(Short web captions)
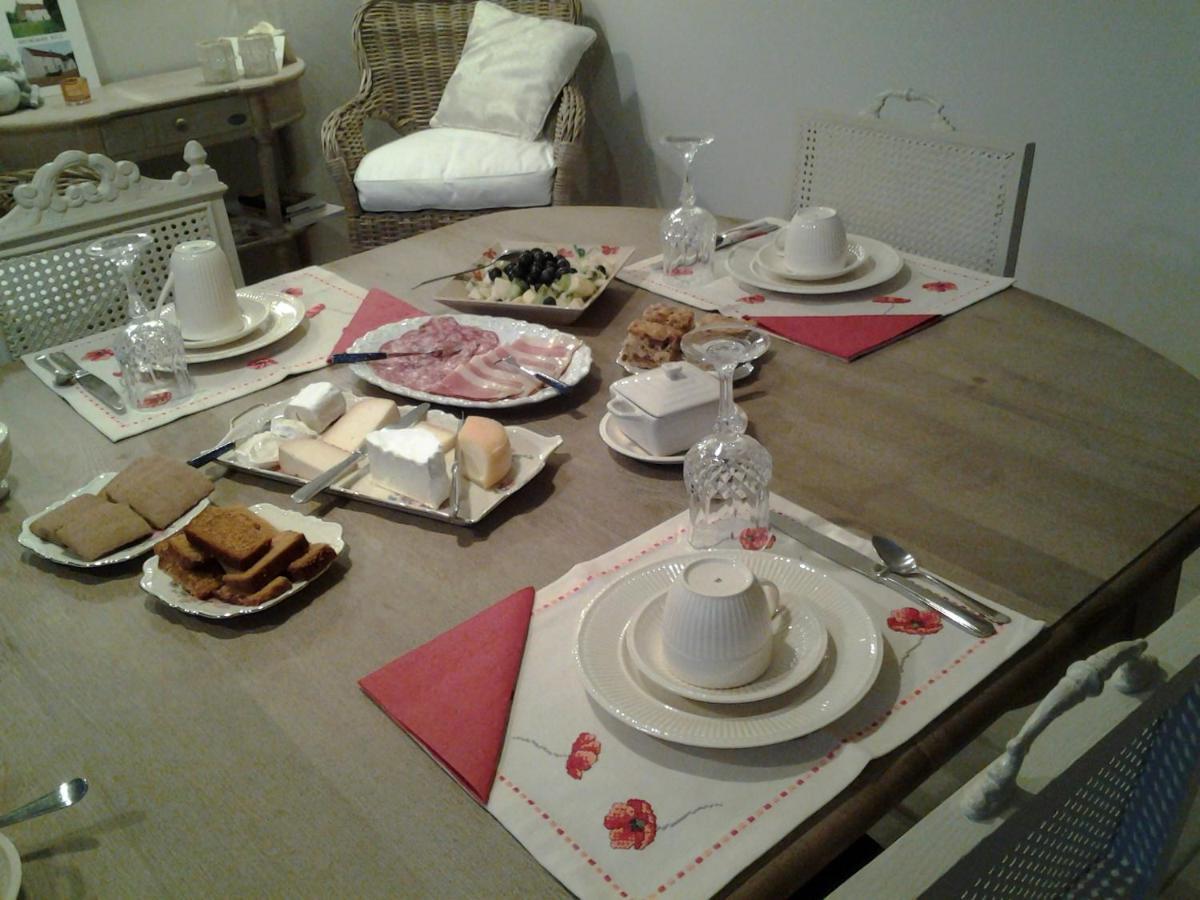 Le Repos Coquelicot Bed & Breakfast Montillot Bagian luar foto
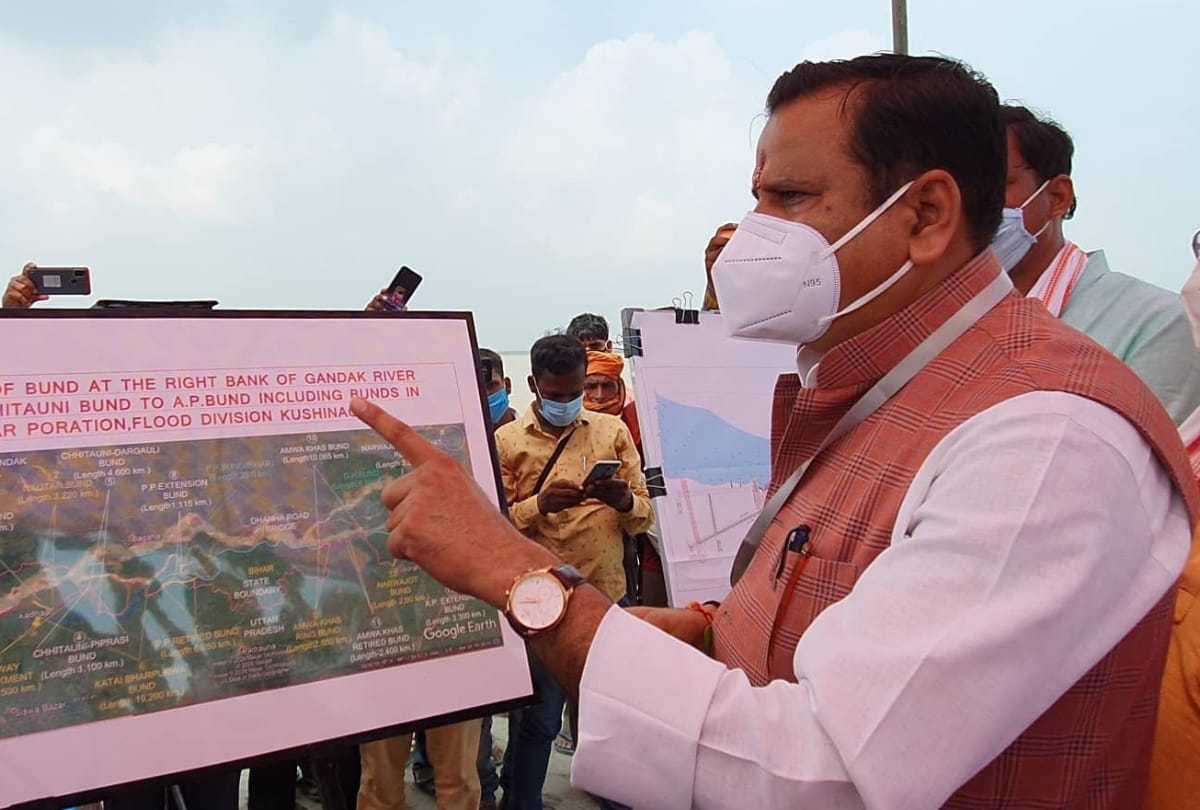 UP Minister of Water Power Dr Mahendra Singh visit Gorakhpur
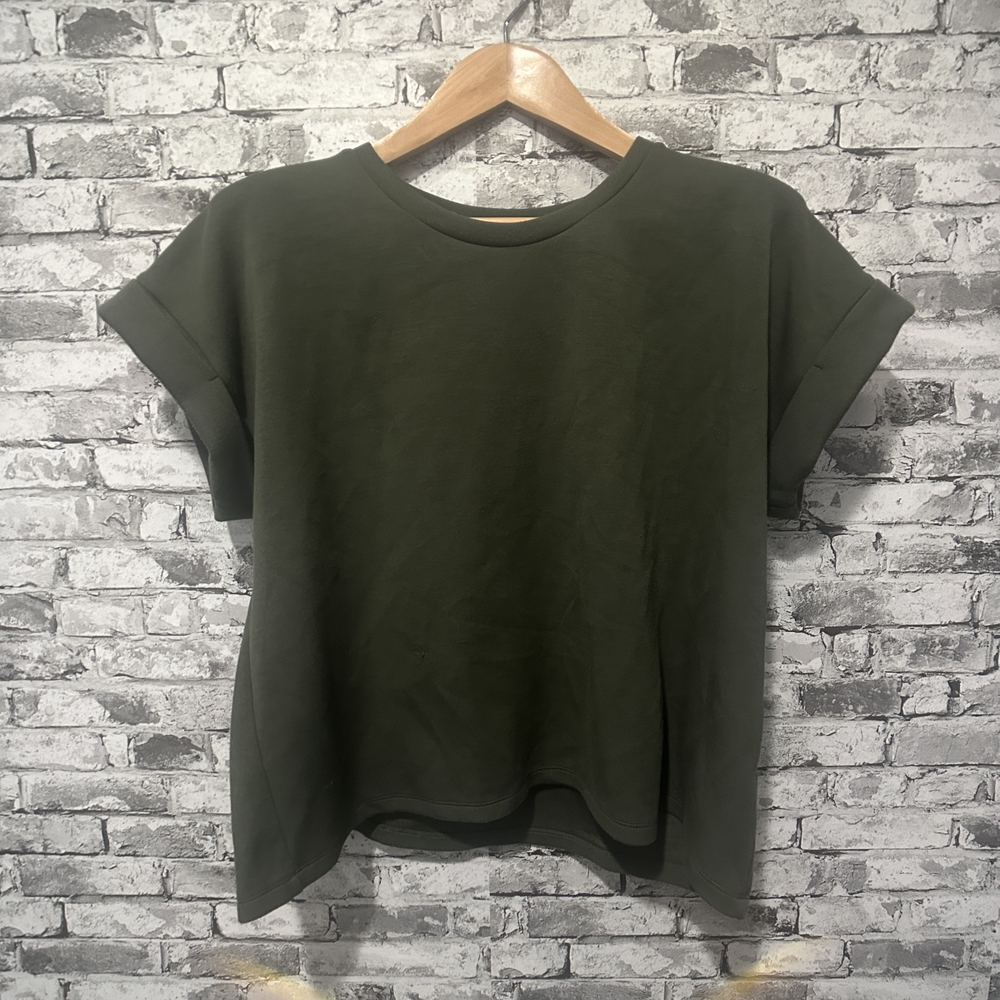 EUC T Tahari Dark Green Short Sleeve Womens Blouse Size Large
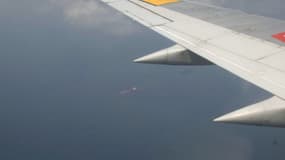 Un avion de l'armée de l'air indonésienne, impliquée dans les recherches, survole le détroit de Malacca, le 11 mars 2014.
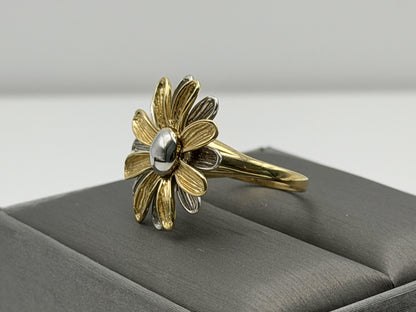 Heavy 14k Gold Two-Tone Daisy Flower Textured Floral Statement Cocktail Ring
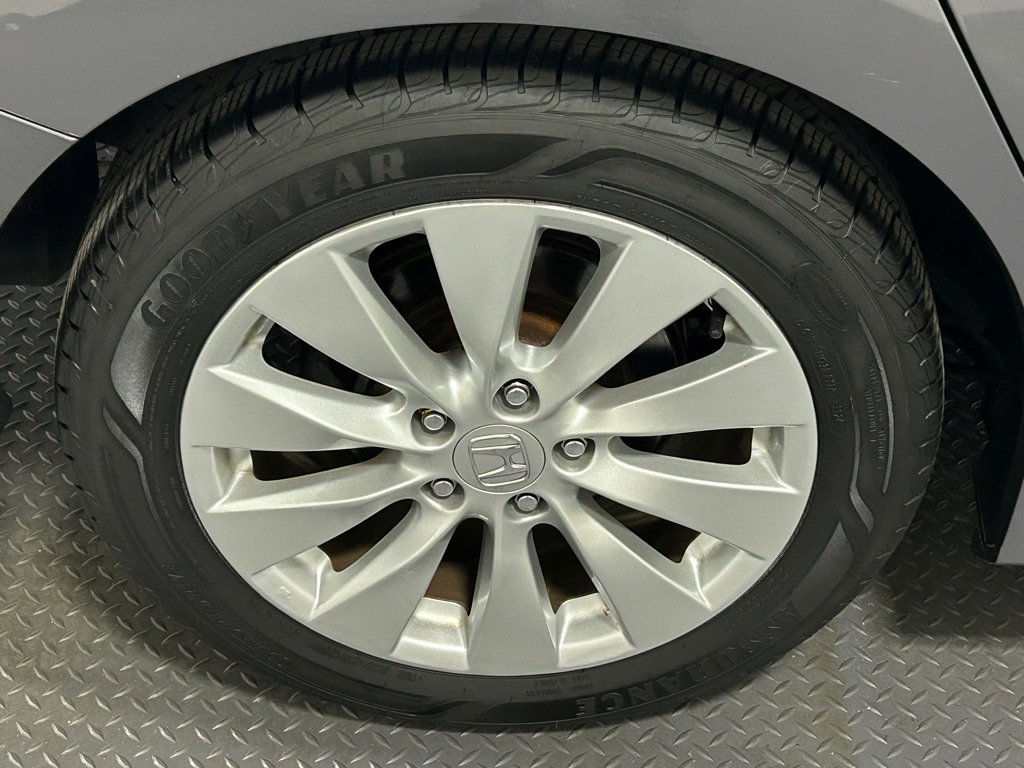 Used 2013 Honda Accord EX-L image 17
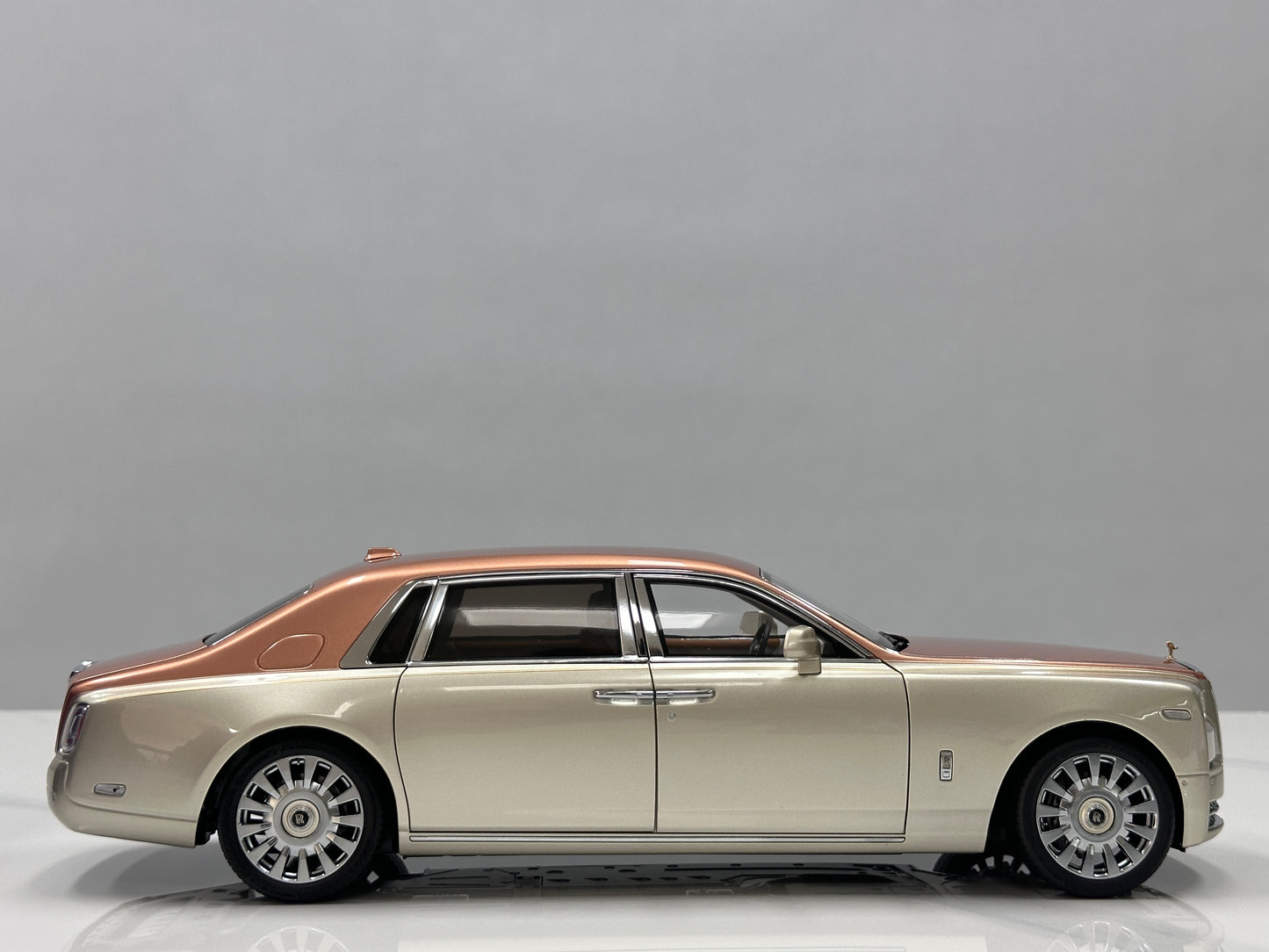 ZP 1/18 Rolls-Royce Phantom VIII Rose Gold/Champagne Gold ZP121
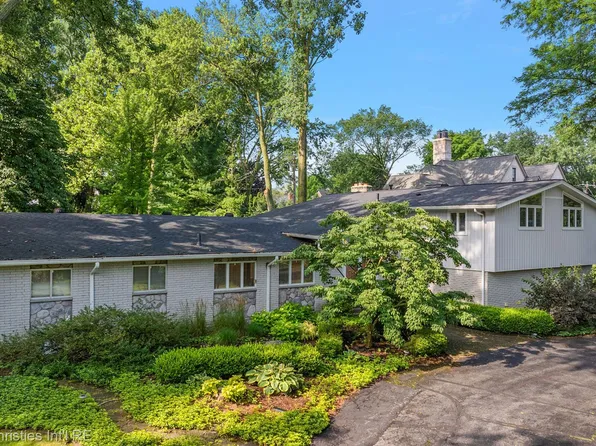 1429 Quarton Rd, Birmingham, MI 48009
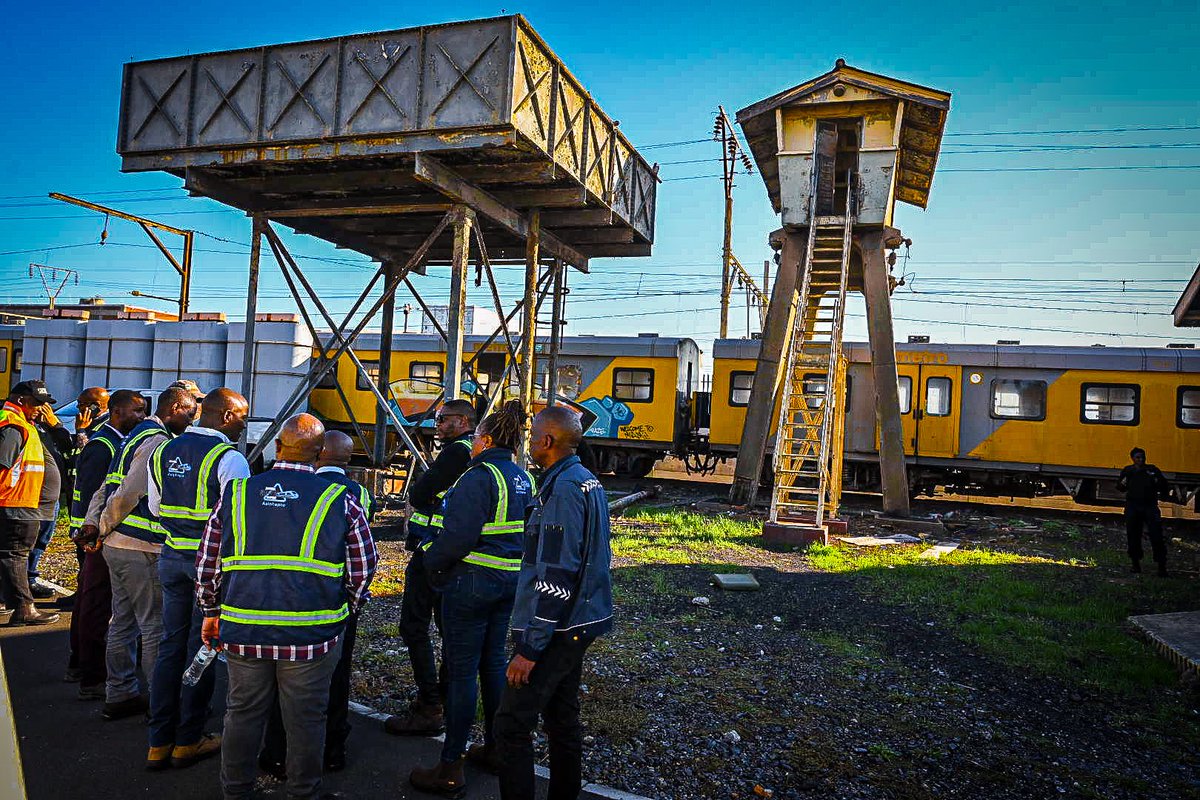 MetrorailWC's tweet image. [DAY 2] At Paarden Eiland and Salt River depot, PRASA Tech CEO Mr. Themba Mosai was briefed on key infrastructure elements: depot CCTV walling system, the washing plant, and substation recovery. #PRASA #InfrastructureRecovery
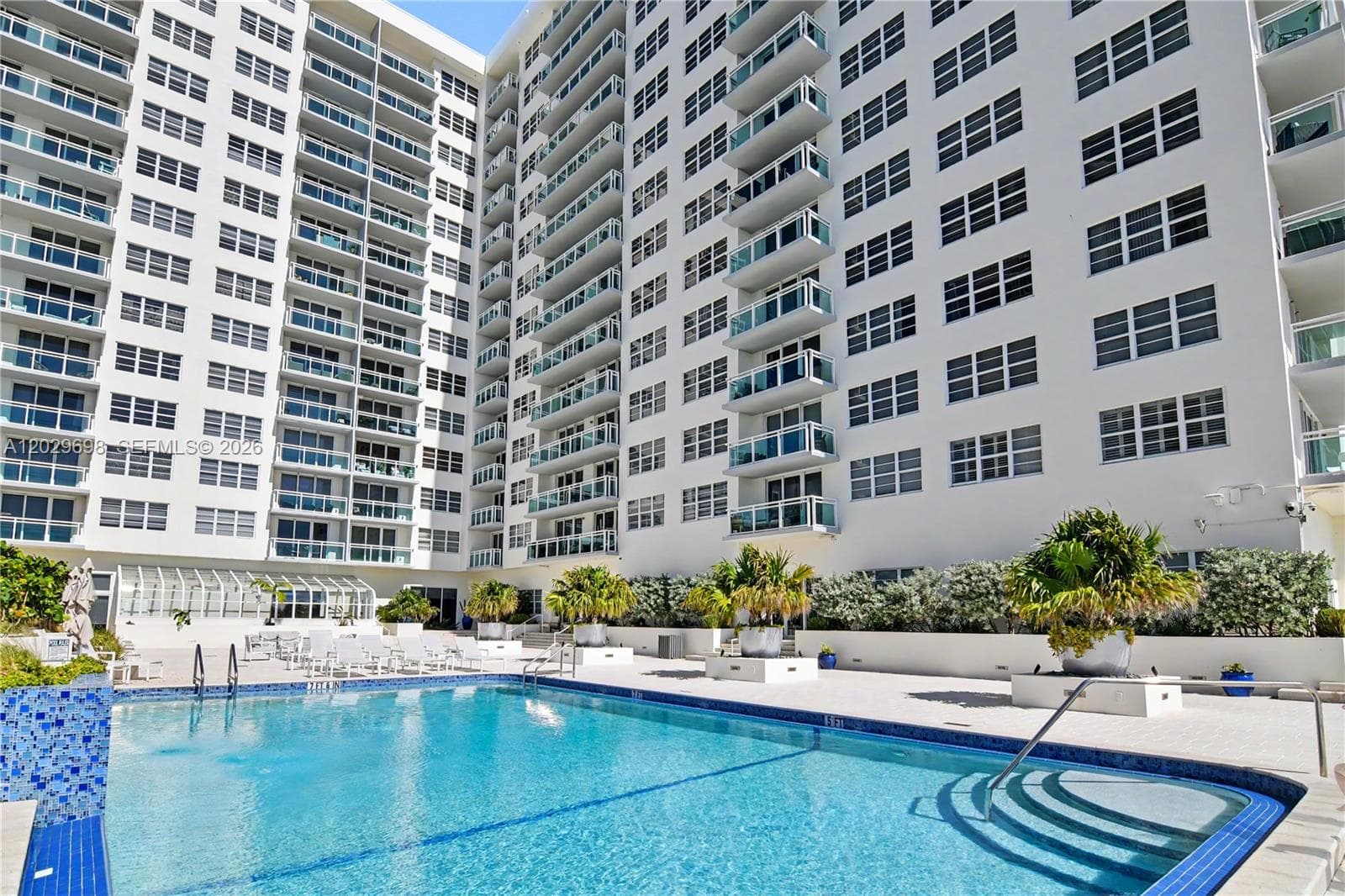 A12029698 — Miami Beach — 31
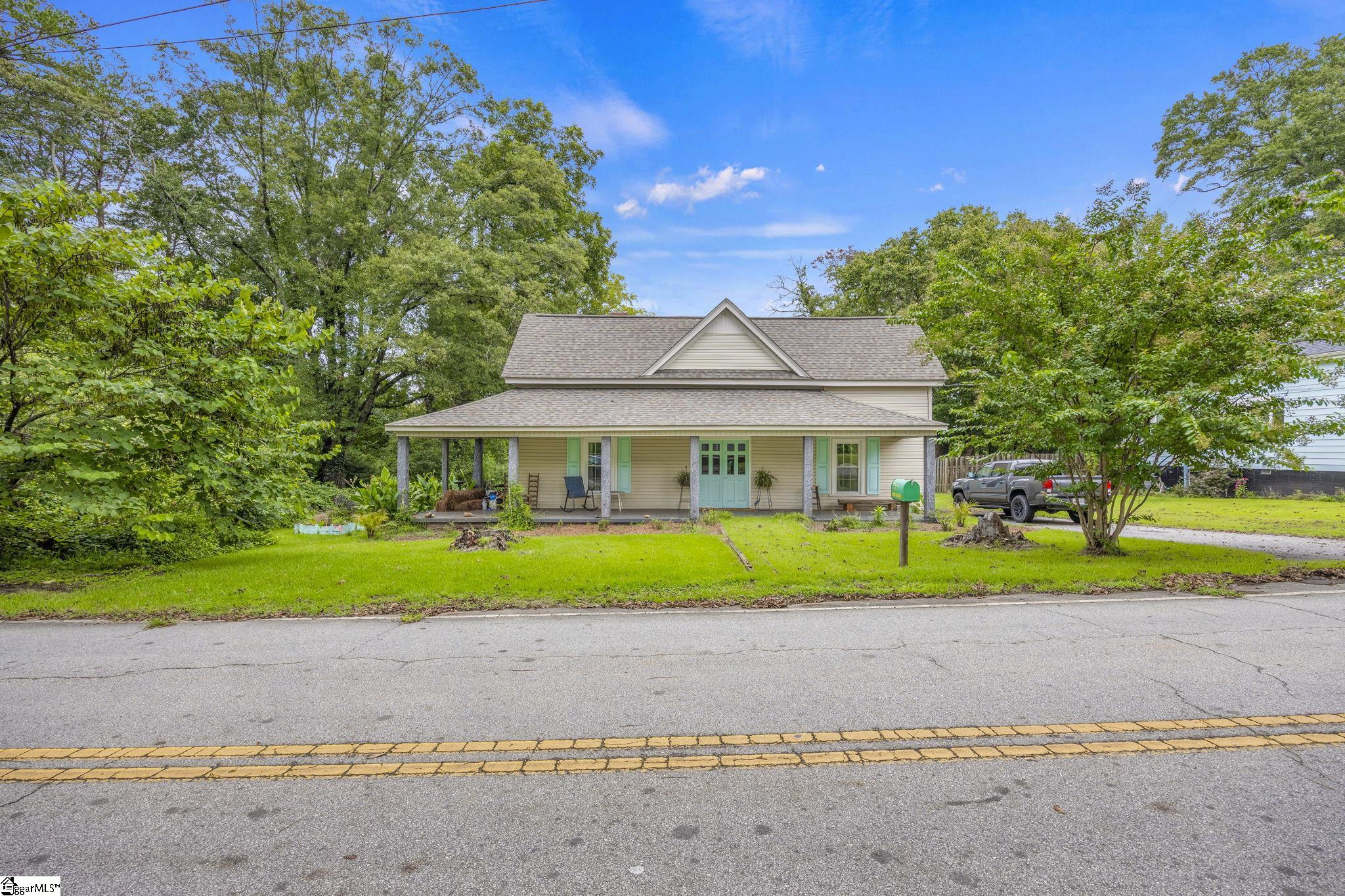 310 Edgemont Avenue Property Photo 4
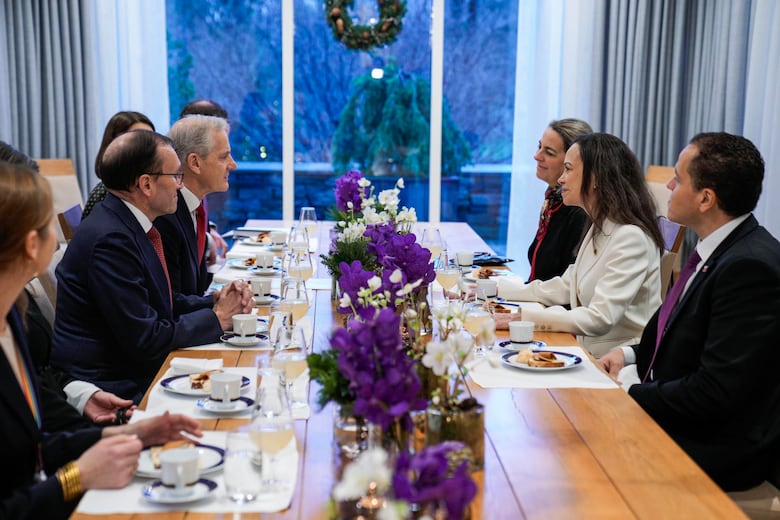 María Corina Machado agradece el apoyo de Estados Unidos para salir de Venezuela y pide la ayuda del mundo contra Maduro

Task objective —
Begin at the first line of the entries and end at the line containing "EUC T Tahari": write out each line exactly, skipping pictures.

Response to the exercise —
 Le Repos Coquelicot Bed & Breakfast Montillot Bagian luar foto
 UP Minister of Water Power Dr Mahendra Singh visit Gorakhpur
 EUC T Tahari Dark Green Short Sleeve Womens Blouse Size Large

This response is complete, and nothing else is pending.